Taubes gained prominence in the low-carb diet debate following the publication of his 2002 New York Times Magazine piece "What if It's All Been a Big Fat Lie?". The article, which questioned the efficacy and health benefits of low-fat diets, was seen as defending the Atkins diet against the medical establishment, and it became extremely controversial. Some scholars interviewed for the article complained that Taubes misinterpreted their words or treated them out of context.

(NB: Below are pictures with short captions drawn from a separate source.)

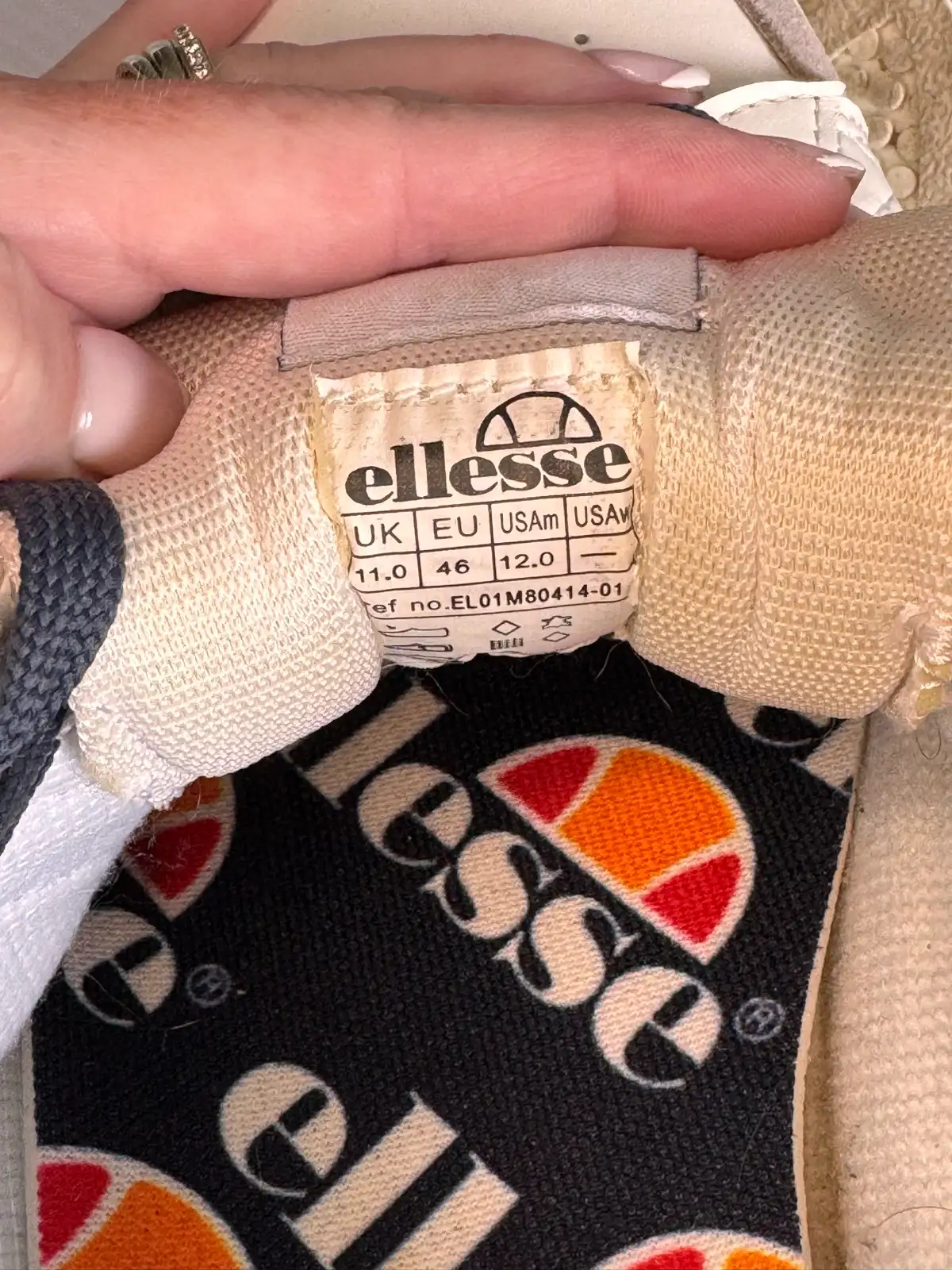 Ellesse Men’s White Navy Sneakers – Size UK 11 / EU 46 – photo 6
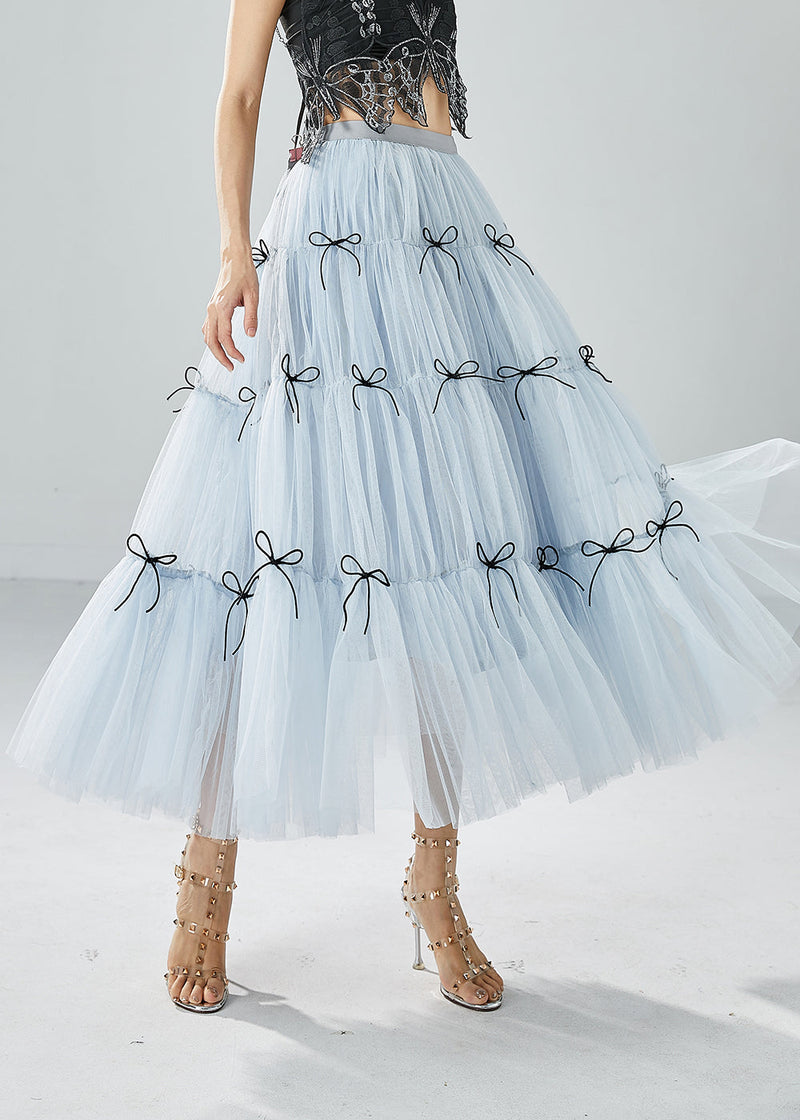 Sky Blue High Waist Patchwork Bow Tulle Skirt Summer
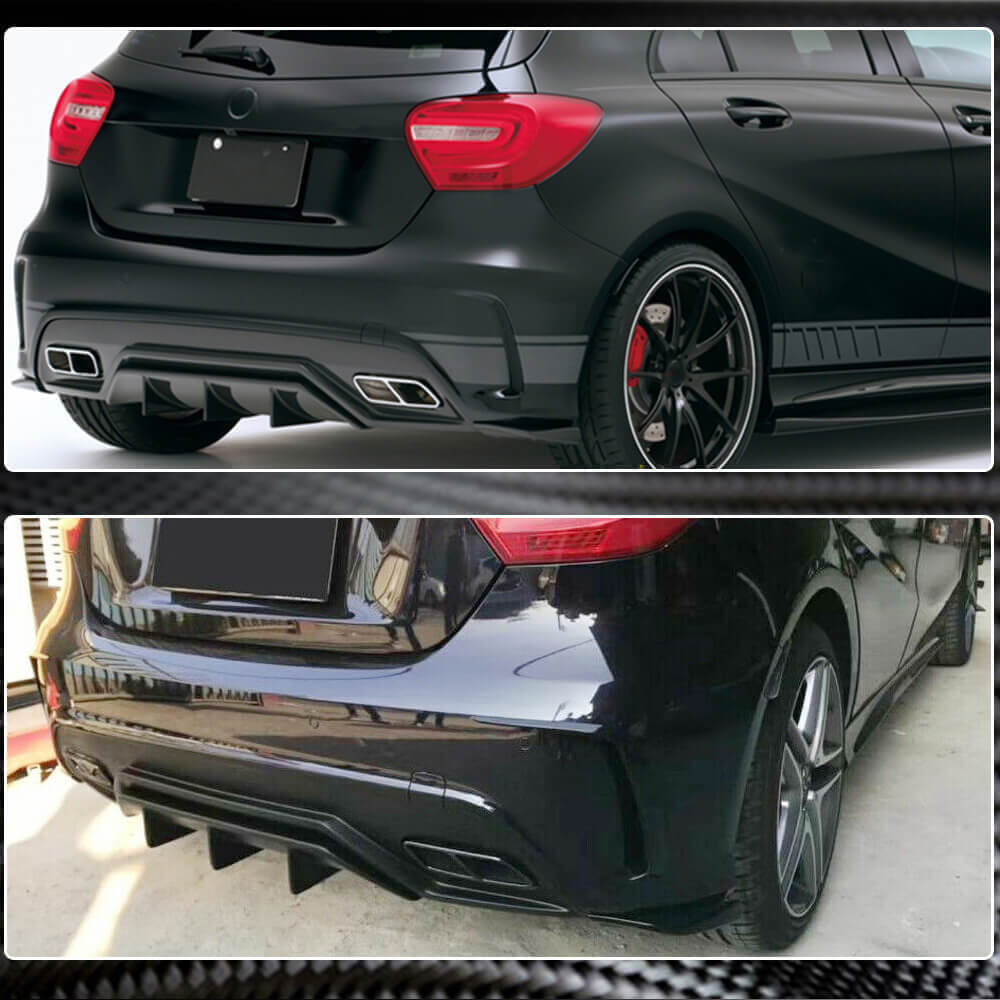 Mercedes Benz W176 Sport A45 Hatchback 2013-2018 Rear Bumper Splitters Carbon Fiber-Ahacarbon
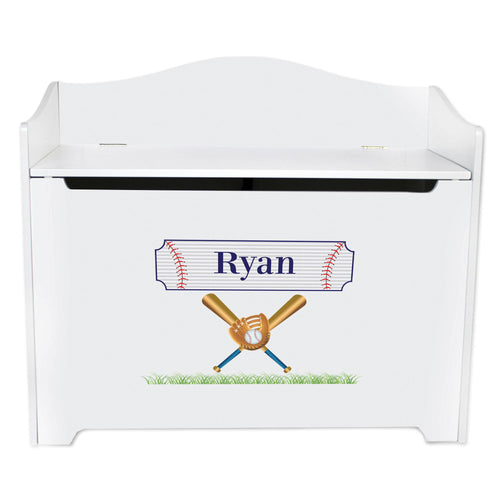 White Wooden Toy Box Bench with Baseball design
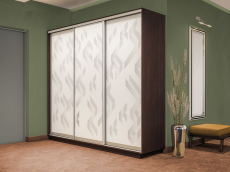 Шкафы-купе 3-х дверные, Шкаф-купе Экспресс 3-х дверный Фотопечать Ленты Стекла 240х45х220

Taubes himself stated: "[E]ven though I knew the article would be the most controversial article the Times Magazine ran all year, [the reaction] still shocked me." The Center for Science in the Public Interest published a rebuttal to the Times article in its November 2002 newsletter. Cardiologist John W. Farquhar commented that "Gary Taubes tricked us all into coming across as supporters of the Atkins diet."

1996

Taubes has won the Science in Society Journalism Award of the National Association of Science Writers three times and was awarded an MIT Knight Science Journalism Fellowship for 1996–97. He is a Robert Wood Johnson Foundation independent investigator in health policy.

1977

Born in Rochester, New York, Taubes studied applied physics at Harvard University (BS, 1977) and aerospace engineering at Stanford University (MS, 1978). After receiving a master's degree in journalism at Columbia University in 1981, Taubes joined Discover magazine as a staff reporter in 1982. Since then he has written numerous articles for Discover, Science and other magazines. Originally focusing on physics issues, his interests have more recently turned to medicine and nutrition. His brother, Clifford Henry Taubes, is the William Petschek Professor of Mathematics at Harvard University.

1956

Gary Taubes (born April 30, 1956) is an American journalist, writer and low-carbohydrate diet advocate. He is the author of Nobel Dreams (1987), Bad Science: The Short Life and Weird Times of Cold Fusion (1993), and Good Calories, Bad Calories (2007), titled The Diet Delusion (2008) in the UK and Australia. His book Why We Get Fat: And What to Do About It was released in December 2010. His central hypothesis is that carbohydrates over-stimulate the secretion of insulin, which causes the body to store fat. Some of the views propounded by Taubes are inconsistent with known science surrounding obesity.